Chapter 2, Problem 16Q

To determine

To explain: The reason for occurance of sound at unequal time intervals. Whether the clinking of time increase or decrease near the end of the fall. Also, the method to tied the bolts for the occurance of clinks at equal intervals.

Explanation of Solution

Introduction:

From Newton’s second law of motion,

  $s=ut+\frac{1}{2}a{t}^2$

Each bolt is tied at an equal distance to each other. Initially, bolts are at rest position. The higher the bolt from the ground, the greater distance it would have to travel with greater speed. Hence, less time interval, it will have to travel.

As the distance between bolts is increasing uniformly about the ground. The higher the bolt will be tied; it will have to travel a greater distance to reach the ground. Now, gravity is acting equally on all the bolts. Hence, the higher the distance of the fall, the greater the speed they will acquire in their travel. Even if they are tied at equal distance, bolts will reach the ground in lesser time, and the sound of clink will be heard frequently.

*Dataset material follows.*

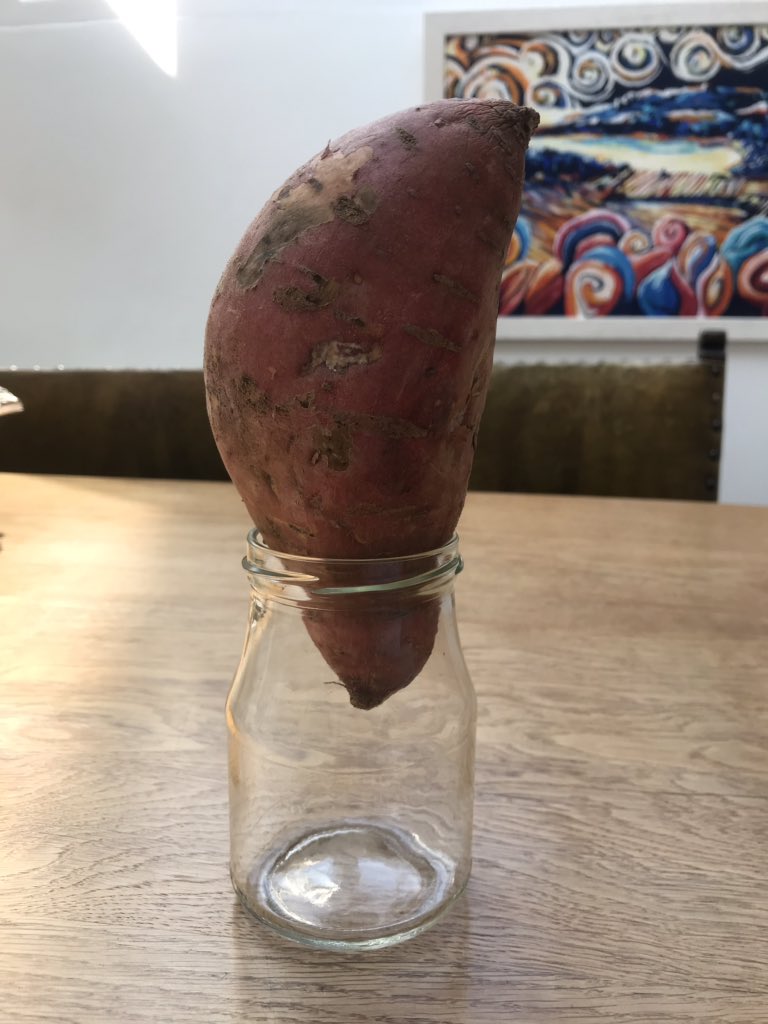 Hannah Nicholls tweet media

Here, acceleration due to gravity will be applied to the bolts equally. While falling on the ground, positive acceleration will be applied to it.

Thus,

  $\begin{array}{l}s=\frac{1}{2}g{t}^2\\ s\propto t^2\end{array}$

Now, to hear clink sound at the equal interval, their distance would be varying as per the above formula.

Thus, time is such as

  $\begin{array}{l}d{t}_1=1\sec \\ d{t}_2=1\sec \\ t_2=2\sec \end{array}$

The distance between bolts would be such as $1:4:9:16:\mathrm{......}$ .

Conclusion:

Thus, the sound will be heard at unequal time intervals. Because the higher the velocity it will acquire from a height, the sooner they will hit the ground and produce the sound of the clink. Thus, the time between each clink will decrease successively near the end of the fall. Thus, to hear clink sound at equal time intervals, the distance between each bolt would be such as $1:4:9:16:25:36:49:64:81:100$ .